Oct 13, 2015
If you have been working out for years, and are no longer getting sore, being challenged, and are no longer getting results, then your training may be stale. To avoid plateaus you must constantly vary your training. Randomizing the stimulus to your muscles will force them to constantly adapt and simply will not allow them get used to what they are doing.
You can certainly do different exercises to change up your routine, but you can also manipulate the total training volume, as well as the way in which you perform the exercise. On any given exercise you can control the intent, speed at which you travel, the angle of the working joint, and the weights and reps performed.
To change up the speed of a contraction you want to think about the 2 parts of any repetition, the up phase, and the down phase. Try going slower, and really feeling the contraction of each rep. The down phase should be slower than the up. For example try doing a 1 second up phase and a 4 second down phase. Also try a 3 second up phase and 3 second down phase.
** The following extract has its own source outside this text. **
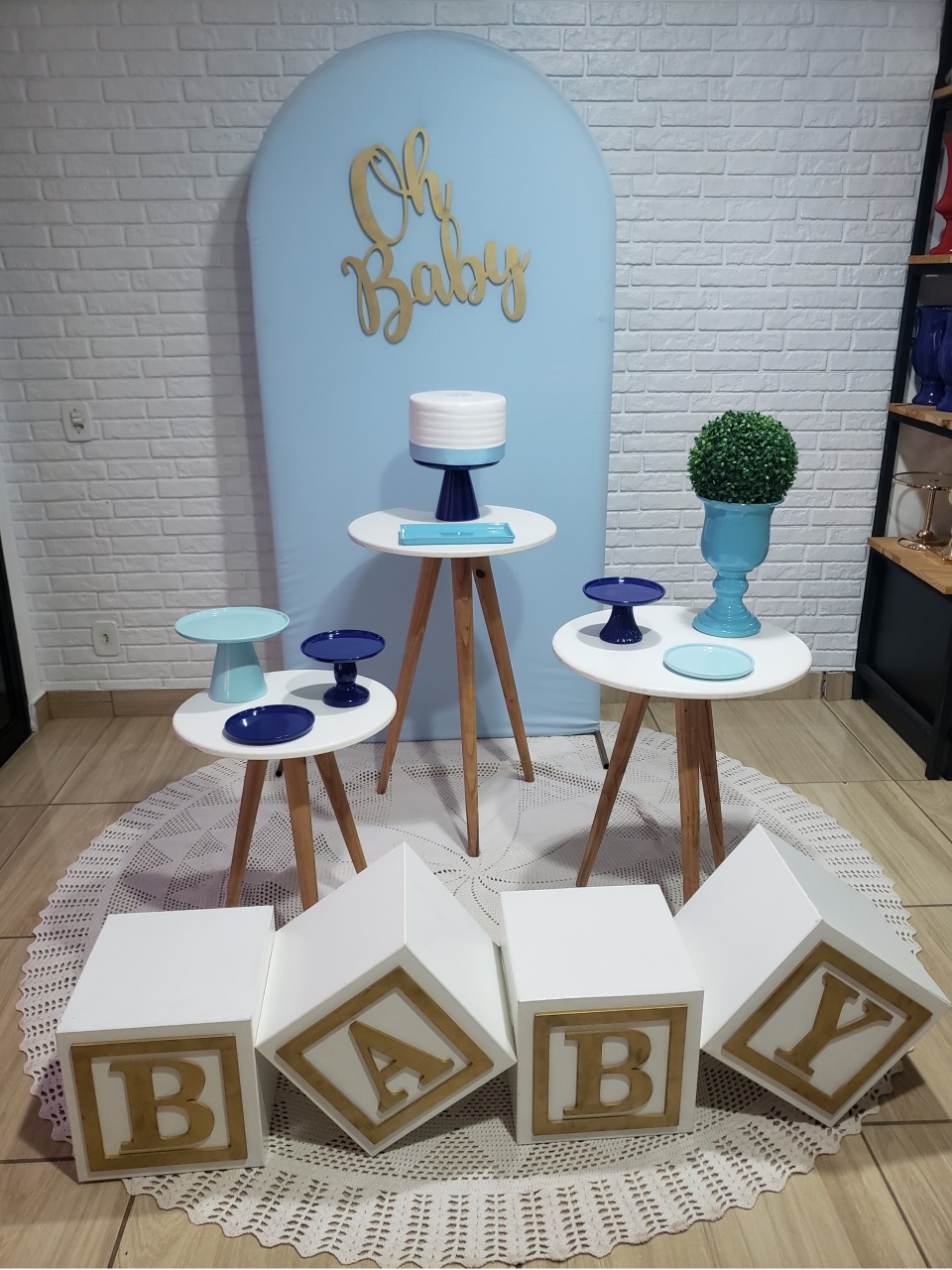 Kit Chá de Bebê - Azul Candy E Azul Marinho Com Oh Baby - DecorFest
See how much earlier you feel the burn.
The angle of the working joints can be manipulated to change the intentions of an exercise. For example doing squats with more focus on pushing through the toes will put more tension on your quadriceps, and conversely if you squat into the heels you place emphasis on the glutes and hamstrings. This works really well for isolation exercises. Try doing bicep curls while sitting at 3 different angles on the bench and let the arms hang back. Try doing shoulder raises while leaning at different angles. Try a narrow push up then try a wide stance push up and feel the difference. The change of angle changes the resting length of the muscles being worked, which slightly changes the range of motion and the target area of the exercise.
The weights, reps, and sets of an exercise should change from set to set. Light weights allow you to do more reps, and heavier weights yield fewer reps. Next try doing a different weight/ # of reps in each set. For example start with 10 reps @70% of max weight, then on the next set try 6-8 reps of 85% of max weight. Once you peak in weight try breaking it back down by lowering the weights each set and aiming to burn out at each weight. This method is known as the pyramid. Super sets also are a great way to mix things up. A super set is any 2 exercises don’t back to back for the same muscle group. For example: maxing out pull ups and then jumping right into dumbbell rows to work the back. Your body will be struggling to keep up, and that’s the type of stimulus you need to keep progressing.
The overall take home message is to be sure to create enough of a challenge in your workouts. It should not be easy for your body to keep up with the demands you place on it. If it doesn’t challenge you, it will not change you!